WORK INSTRUCTIONS -> Exact copy, no pictures: every line from the one that contains "Colar e choker" through the end of the data below, and nothing else.

RECORDED DATA ->

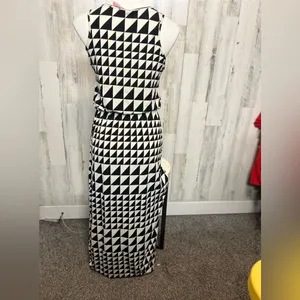 Magic Geometric Triangle Maxi Dress Womens Size Small Black White Tank Sundress thumbnail 2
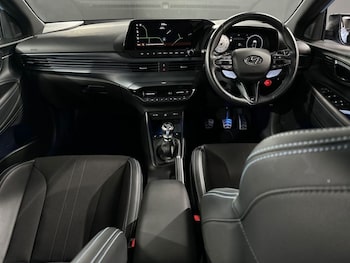 Used Hyundai i20 2023 for sale - 77111149: Photo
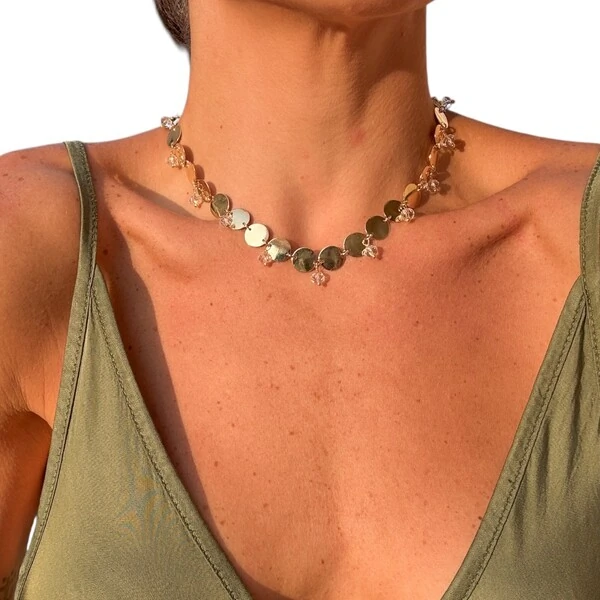 Colar e choker boho medalhas com pendurados ouro18k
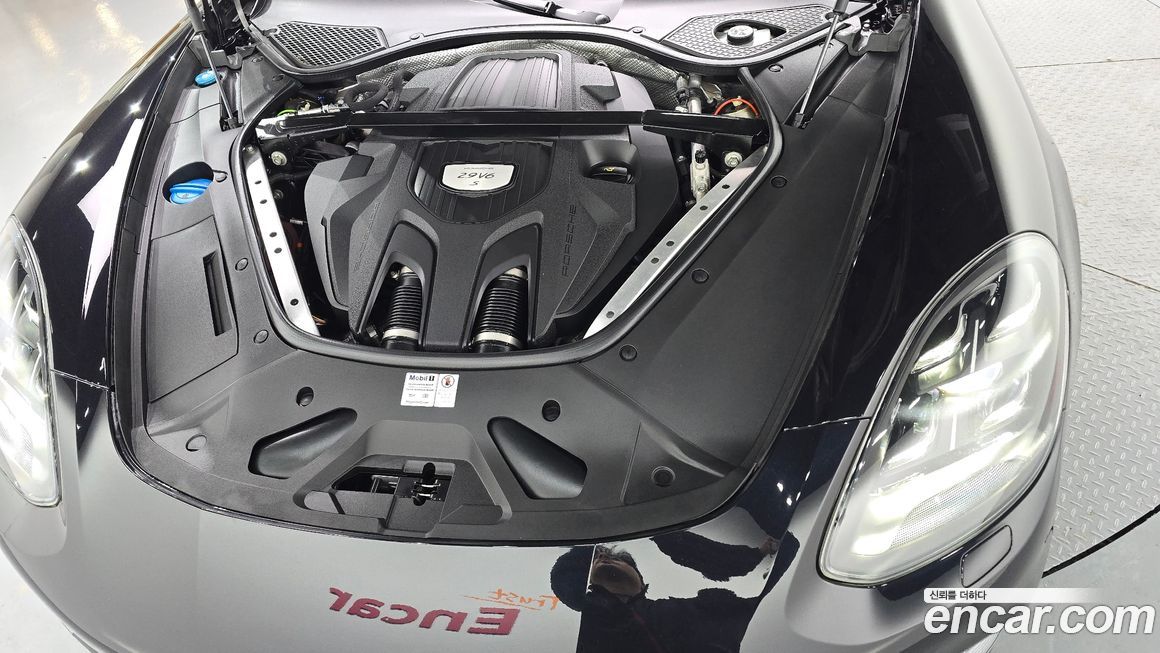 Porsche Panamera 2018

EXPECTED ANSWER ->
 Colar e choker boho medalhas com pendurados ouro18k
 Porsche Panamera 2018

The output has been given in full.